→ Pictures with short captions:
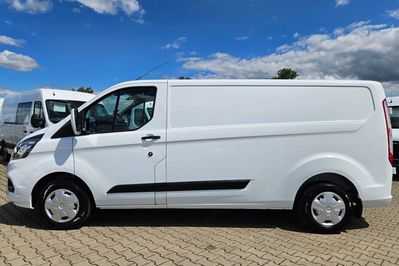 Ford Transit Custom 2.0  L2H1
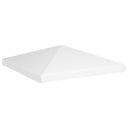 vidaXL Prieeldak 270 g/m² 3x3 m noir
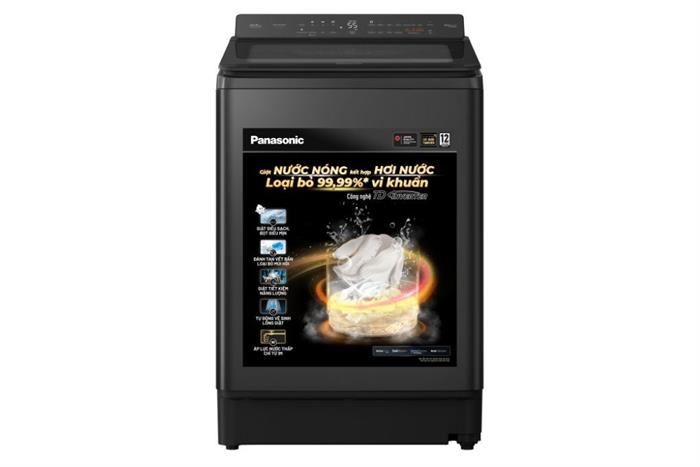 Máy giặt Panasonic Inverter 14.5 kg NA-FD145V3BV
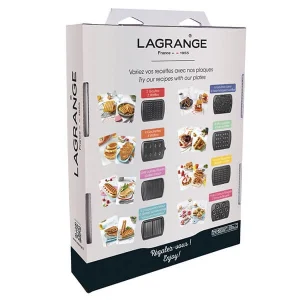 REMISE allant jusqu. Lagrange Premium Grill Et Panini – Appareils De Cuisine Divers 6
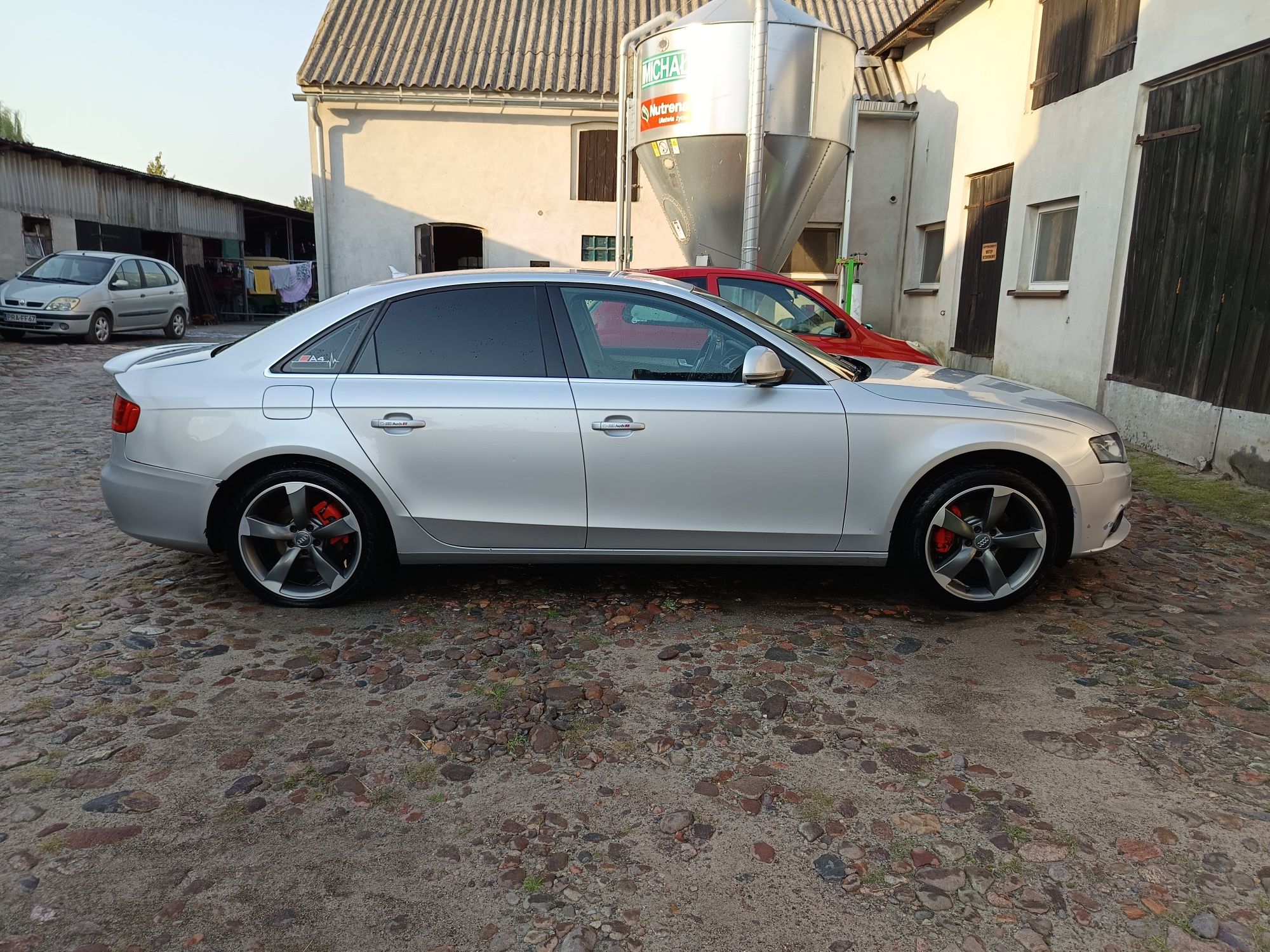 Sprzedam audi A4 b8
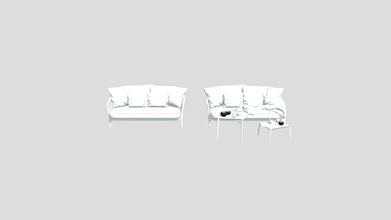 soft sofa stuff - download free 3d model kieunam 2c5a122 3d print model - Mito3D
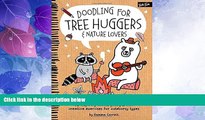Must Have PDF  Doodling for Tree Huggers   Nature Lovers: 50 inspiring doodle prompts and creative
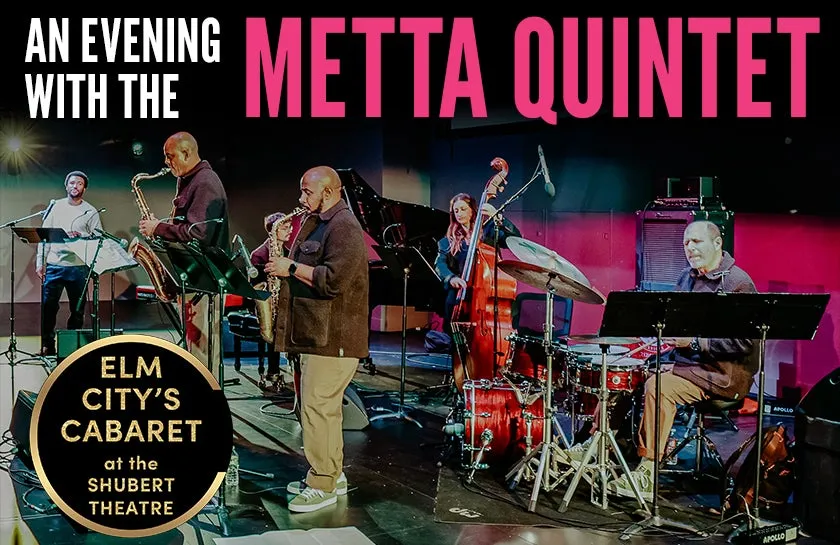 An Evening With the Metta Quintet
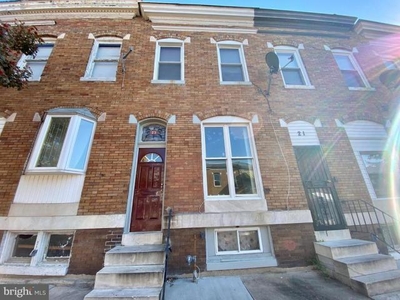 2 bedroom, Baltimore MD 21223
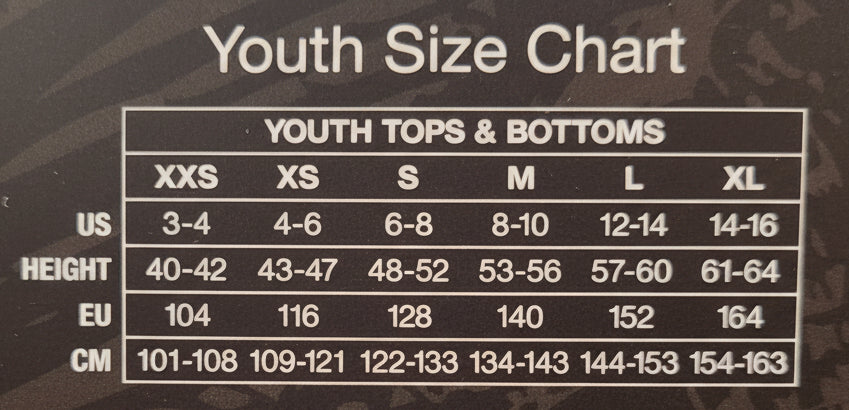 Hot Chillys Youth Base Layer Top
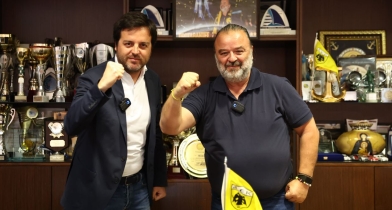 Ριμπάλτα 2029 στην ΑΕΚ!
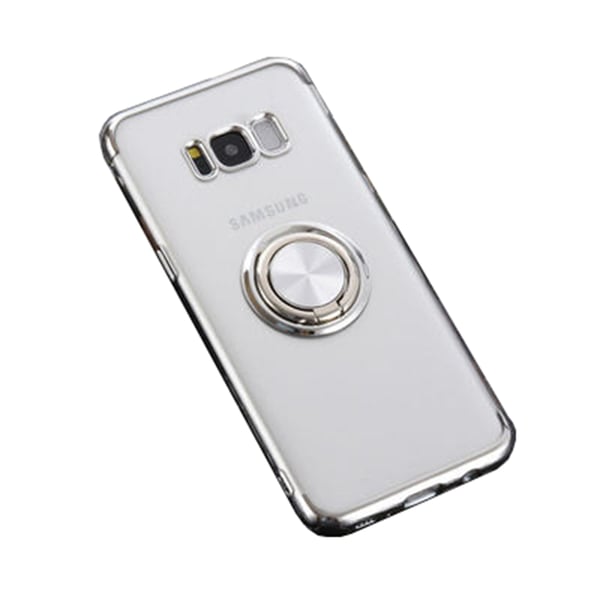 Exklusivt Skyddsskal Ringhållare - Samsung Galaxy S8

→ Directions: Once more, please print all the lines above exactly, without their pictures.

→ Solution to this problem:
 Ford Transit Custom 2.0  L2H1
 vidaXL Prieeldak 270 g/m² 3x3 m noir
 Máy giặt Panasonic Inverter 14.5 kg NA-FD145V3BV
 REMISE allant jusqu. Lagrange Premium Grill Et Panini – Appareils De Cuisine Divers 6
 Sprzedam audi A4 b8
 soft sofa stuff - download free 3d model kieunam 2c5a122 3d print model - Mito3D
Must Have PDF  Doodling for Tree Huggers   Nature Lovers: 50 inspiring doodle prompts and creative
 An Evening With the Metta Quintet
 2 bedroom, Baltimore MD 21223
 Hot Chillys Youth Base Layer Top
 Ριμπάλτα 2029 στην ΑΕΚ!
 Exklusivt Skyddsskal Ringhållare - Samsung Galaxy S8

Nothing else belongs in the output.